*WORK REQUEST*. Lines from the first one down to the one containing "Download lagu ALBUM" in the data below are the only ones needed; please return them exactly, both ends included.

═══ PROVIDED MATERIAL

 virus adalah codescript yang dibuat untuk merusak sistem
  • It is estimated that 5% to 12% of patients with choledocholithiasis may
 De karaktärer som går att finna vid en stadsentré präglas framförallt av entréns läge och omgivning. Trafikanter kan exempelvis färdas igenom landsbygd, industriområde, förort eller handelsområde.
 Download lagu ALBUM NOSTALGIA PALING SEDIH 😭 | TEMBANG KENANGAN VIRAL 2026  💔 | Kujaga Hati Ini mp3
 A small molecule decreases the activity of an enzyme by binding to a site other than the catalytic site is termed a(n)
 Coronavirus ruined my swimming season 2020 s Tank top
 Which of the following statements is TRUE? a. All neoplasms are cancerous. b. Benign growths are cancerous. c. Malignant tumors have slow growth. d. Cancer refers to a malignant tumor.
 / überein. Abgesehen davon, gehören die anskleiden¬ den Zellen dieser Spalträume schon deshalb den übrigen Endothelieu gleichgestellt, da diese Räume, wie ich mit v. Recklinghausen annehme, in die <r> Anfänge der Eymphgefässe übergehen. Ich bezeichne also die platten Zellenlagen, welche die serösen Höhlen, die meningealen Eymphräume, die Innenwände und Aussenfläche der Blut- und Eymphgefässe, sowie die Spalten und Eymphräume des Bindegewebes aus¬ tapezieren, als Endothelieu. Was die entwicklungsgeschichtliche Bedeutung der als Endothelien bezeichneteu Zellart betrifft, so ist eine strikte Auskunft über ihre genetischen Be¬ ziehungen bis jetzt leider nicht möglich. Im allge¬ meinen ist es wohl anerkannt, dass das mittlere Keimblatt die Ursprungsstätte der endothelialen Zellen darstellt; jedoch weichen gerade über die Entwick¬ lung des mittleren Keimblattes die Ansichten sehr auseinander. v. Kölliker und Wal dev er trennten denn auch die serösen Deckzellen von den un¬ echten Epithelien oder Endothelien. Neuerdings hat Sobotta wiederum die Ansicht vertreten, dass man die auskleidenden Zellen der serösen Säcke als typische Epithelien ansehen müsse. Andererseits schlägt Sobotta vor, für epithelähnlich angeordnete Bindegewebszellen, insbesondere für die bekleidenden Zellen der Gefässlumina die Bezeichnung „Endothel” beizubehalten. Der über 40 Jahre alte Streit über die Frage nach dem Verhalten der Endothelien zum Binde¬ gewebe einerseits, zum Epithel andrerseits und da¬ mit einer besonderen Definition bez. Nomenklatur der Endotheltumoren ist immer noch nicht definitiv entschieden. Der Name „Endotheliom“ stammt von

══════

*EXERCISE SOLUTION*.
 virus adalah codescript yang dibuat untuk merusak sistem
  • It is estimated that 5% to 12% of patients with choledocholithiasis may
 De karaktärer som går att finna vid en stadsentré präglas framförallt av entréns läge och omgivning. Trafikanter kan exempelvis färdas igenom landsbygd, industriområde, förort eller handelsområde.
 Download lagu ALBUM NOSTALGIA PALING SEDIH 😭 | TEMBANG KENANGAN VIRAL 2026  💔 | Kujaga Hati Ini mp3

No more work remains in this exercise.